CVE-2025-41108 identifies a critical security flaw in the Ghost Robotics Vision 60 robot, version 0.27.2, where the communication protocol used between the robot and its control station (tablet) is vulnerable to improper authentication (CWE-287). The protocol is based on MAVLink, a widely documented and open communication standard for unmanned vehicles, which inherently lacks encryption and authentication mechanisms in this implementation. This allows an attacker positioned on the same network or capable of intercepting traffic over Wi-Fi or 4G/LTE to capture legitimate command packets sent from the control station to the robot. By replaying or crafting these packets, the attacker can impersonate the control station and send arbitrary commands to the robot, effectively gaining unauthorized full control. The vulnerability does not require any prior authentication or user interaction, and the attack surface includes any remote connection method supported by the robot. The CVSS 4.0 score of 9.2 (critical) reflects the high impact on confidentiality, integrity, and availability, combined with the ease of exploitation and lack of required privileges. Although no exploits are currently known in the wild, the exposure of such a critical flaw in a robotic platform used potentially in sensitive or operational contexts raises serious security concerns. The absence of encryption and authentication in the communication protocol is a fundamental design weakness that must be addressed to prevent unauthorized command injection and control takeover.

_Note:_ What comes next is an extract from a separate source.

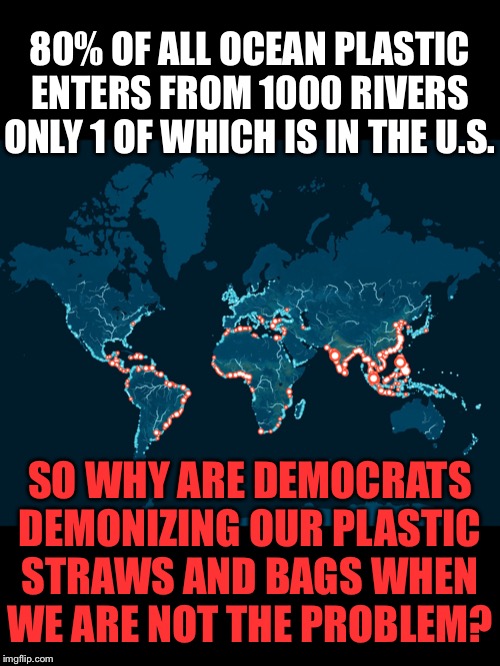 80% of all ocean plastic enters from 1000 rivers only 1 of which is in the u.s.So why are democrats demonizing US? | 80% OF ALL OCEAN PLASTIC ENTERS FROM 1000 RIVERS ONLY 1 OF WHICH IS IN THE U.S. SO WHY ARE DEMOCRATS DEMONIZING OUR PLASTIC STRAWS AND BAGS WHEN WE ARE NOT THE PROBLEM? | image tagged in plastic straws,ocean,pollution,democrats,united states | made w/ Imgflip meme maker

For European organizations deploying Ghost Robotics Vision 60 robots, this vulnerability could lead to severe operational disruptions, including unauthorized control of robotic assets, data leakage, and potential sabotage. In sectors such as defense, critical infrastructure, security services, and industrial automation, compromised robots could be used to conduct espionage, physical damage, or denial of service. The ability to remotely control the robot without authentication increases the risk of attacks originating from outside the immediate network perimeter, expanding the threat landscape. Confidentiality is compromised as attackers can intercept and manipulate command data; integrity is affected as unauthorized commands can alter robot behavior; availability is at risk if attackers disable or misuse the robot. The lack of known patches or mitigations at present exacerbates the risk. Organizations relying on these robots for sensitive tasks must consider the potential for operational failure or compromise, which could have cascading effects on safety and mission success.

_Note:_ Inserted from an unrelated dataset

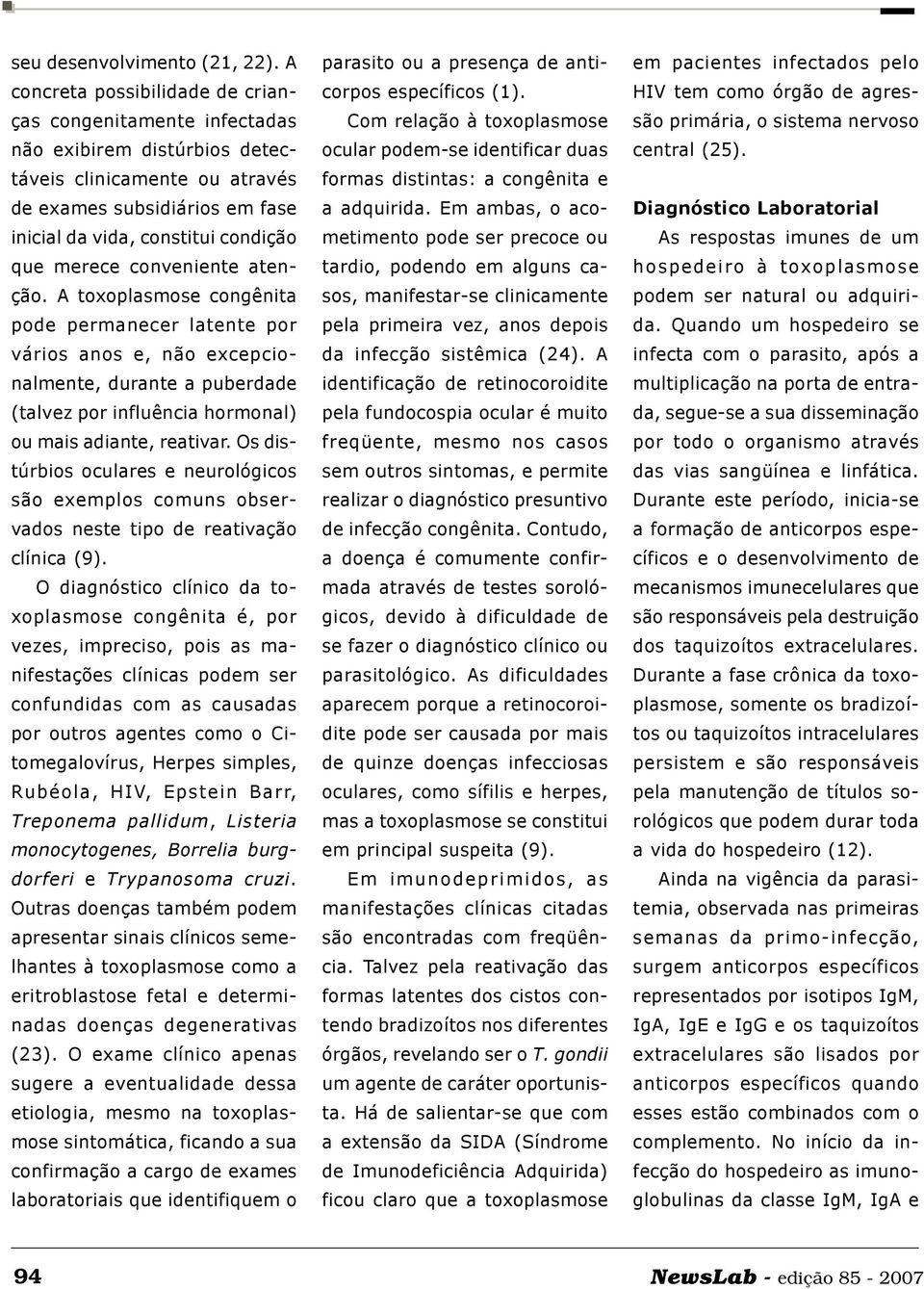 merece conveniente atenção. A toxoplasmose congênita pode permanecer latente por vários anos e, não excepcionalmente, durante a puberdade (talvez por influência hormonal) ou mais adiante, reativar.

Immediate mitigation should focus on network-level controls: restrict access to the robot's Wi-Fi and 4G/LTE interfaces using strong network segmentation, firewalls, and VPNs to limit exposure to trusted devices only. Employ intrusion detection systems to monitor for anomalous MAVLink traffic patterns indicative of replay or spoofing attacks. Until a vendor patch is available, disable remote access capabilities where feasible or operate the robot in isolated environments. Advocate for and implement end-to-end encryption and mutual authentication in the communication protocol to prevent unauthorized command injection. Regularly update firmware and software once patches are released by Ghost Robotics. Conduct security audits and penetration testing focused on robotic communication channels. Train operational personnel on the risks of using unsecured wireless connections and enforce strict operational security policies. Consider deploying additional physical security controls to prevent unauthorized proximity attacks. Engage with the vendor to prioritize development and deployment of secure communication protocols and authentication mechanisms.